Parametric Curves and Surfaces

Definition

A parametric curve in cartesian coordinates is defined by three coordinate functions: \[ \begin{aligned} x &= x(t), \\ y &= y(t), \\ z &= z(t), \end{aligned} \] where \(t\) is a real parameter that varies over some interval \([t_0, t_1]\). As \(t\) changes, the point \((x(t), y(t), z(t))\) traces out a curve in \(\mathbb{R}^3\).

It is often convenient to collect these into a single vector-valued function \(\bm{r}: [t_0, t_1] \to \mathbb{R}^3\): \[ \bm{r}(t) = \begin{bmatrix} x(t) \\ y(t) \\ z(t) \end{bmatrix}. \] Such vector-valued functions are ubiquitous in engineering, describing such quantities as position, velocity, acceleration, and many other time-varying vectors, sometimes called state vectors (although they are in fact vector-valued functions).

When the curve lies entirely in a plane, one or more of the components \(\bm{r}(t)\) may be constant, reducing to a 2D case.

Example: Helical Motion

A point moving on a helix can be described by \[ x(t) = R \cos(\omega t), \qquad y(t) = R \sin(\omega t), \qquad z(t) = c t. \] Here \(R\) is the radius, \(\omega\) the angular velocity, and \(c\) the rate of ascent. Note that this is not the only possible paramterization of the helix. For instance, we could replace \(t\) with \(t^2\) in \(\bm{r}(t)\) to draw exactly the same helix, but with a different parameterization.

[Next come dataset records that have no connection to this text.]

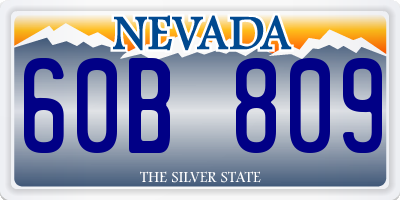 NV license plate 60B809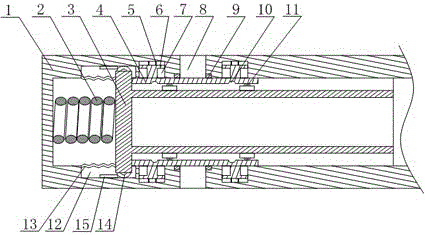 Pressure release valve for conveyance of gas station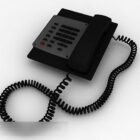 نموذج هاتف أسود ثلاثي الأبعاد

If we treat the parameter \(t\) as time, then \(\bm{r}(t) = \begin{bmatrix} x(t) & y(t) & z(t) \end{bmatrix}^\top\) is a position vector-valued function of time. Then the velocity vector-valued function \(\bm{v}(t)\) is given by \[ \bm{v}(t) = \frac{d\bm{r}}{dt} = \begin{bmatrix} -R \omega \sin(\omega t) \\ R \omega \cos(\omega t) \\ c \end{bmatrix}. \]

Definition

A parametric surface in three-dimensional space is given by three coordinate functions: $$\begin{align} x &= x(u, v), \\ y &= y(u, v), \\ z &= z(u, v). \end{align}$$ Each pair \((u, v)\) defines a point \((x, y, z)\) in \(\mathbb{R}^3\), and the collection of all such points forms a surface. It is often convenient to write this as a vector-valued function \(\bm{r}: [u_0, u_1] \times [v_0, v_1] \to \mathbb{R}^3\): \[ \bm{r}(u, v) = \begin{bmatrix} x(u, v) \\ y(u, v) \\ z(u, v) \end{bmatrix}. \]

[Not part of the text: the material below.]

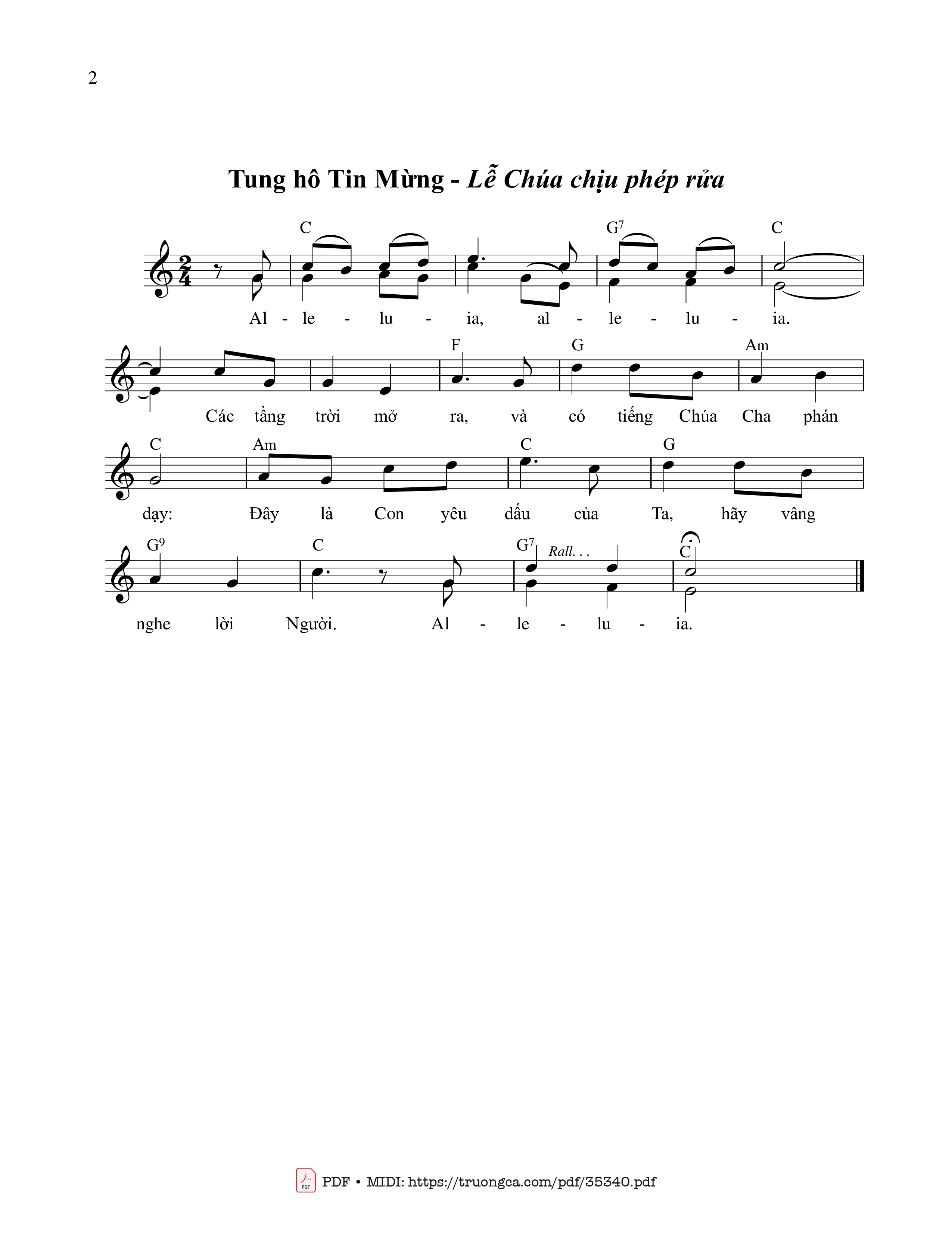 Page 2 of Sheet music PDF Thánh Vịnh 28, Tuôn Đổ Phúc Lành - Ngọc Cẩn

As \(u\) varies while \(v\) is held fixed, we trace a curve of constant \(v\) on the surface, and vice versa for curves of constant \(u\).

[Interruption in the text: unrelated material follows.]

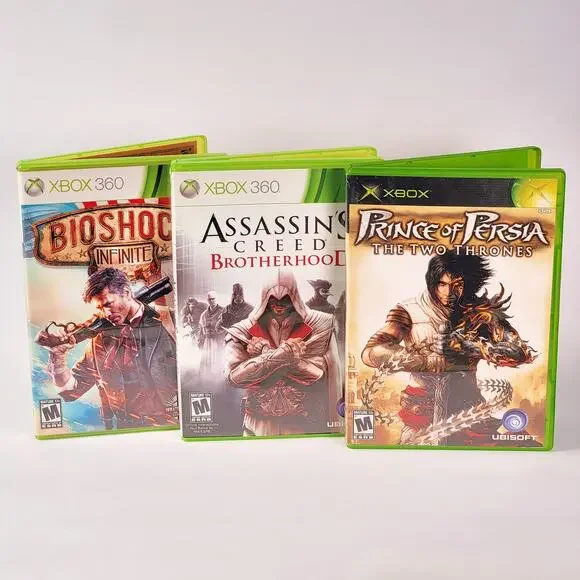3 XBOX 360 Games Prince of Persia, Assassins Creed, Bioshock PreOwned & Complete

The Tangent Plane and Normal Vector

The tangent plane to a parametric surface at a point \((u_0, v_0)\) is the plane that touches the surface at that point and is spanned by the tangent vectors \[\partial_u \bm{r}\quad\text{and}\quad\partial_v \bm{r}\] evaluated at \((u_0, v_0)\).

The normal vector to the surface is given by the cross product of the tangent vectors, assuming they are linearly independent: \[ \bm{n} = \partial_u \bm{r} \times \partial_v \bm{r} \] A level surface is a surface defined by a constant value of a function \(f(x, y, z)\), i.e., \(f(x, y, z) = c\). For level surfaces, the normal vector is given by the gradient of the function: \[ \bm{n} = \nabla f \] Here \(\nabla\) is the gradient operator, which will be defined in section 5.5.

The unit normal vector \(\hat{\bm{n}}\) is obtained by normalizing the normal vector: \[ \hat{\bm{n}} = \frac{\bm{n}}{\|\bm{n}\|} \]

Example: Cylinder

A simple and important surface in engineering is the cylinder, parameterized by its radius \(R\) and height \(h\): \[ x(u, v) = R \cos u, \qquad y(u, v) = R \sin u, \qquad z(u, v) = v, \] where \(u \in [0, 2\pi]\) and \(v \in [0, h]\). Each constant-\(v\) curve is a circle, while varying \(v\) moves the circle along the \(z\)-axis.

Computing the tangent vectors: \[ \partial_u \bm{r} = (-R \sin u, R \cos u, 0), \qquad \partial_v \bm{r} = (0, 0, 1). \] Computing the normal vector: \[ \bm{n} = \partial_u \bm{r} \times \partial_v \bm{r} = (R \cos u, R \sin u, 0). \] Computing the unit normal vector: \[ \hat{\bm{n}} = \frac{\bm{n}}{\|\bm{n}\|} = \frac{(R \cos u, R \sin u, 0)}{R} = (\cos u, \sin u, 0). \]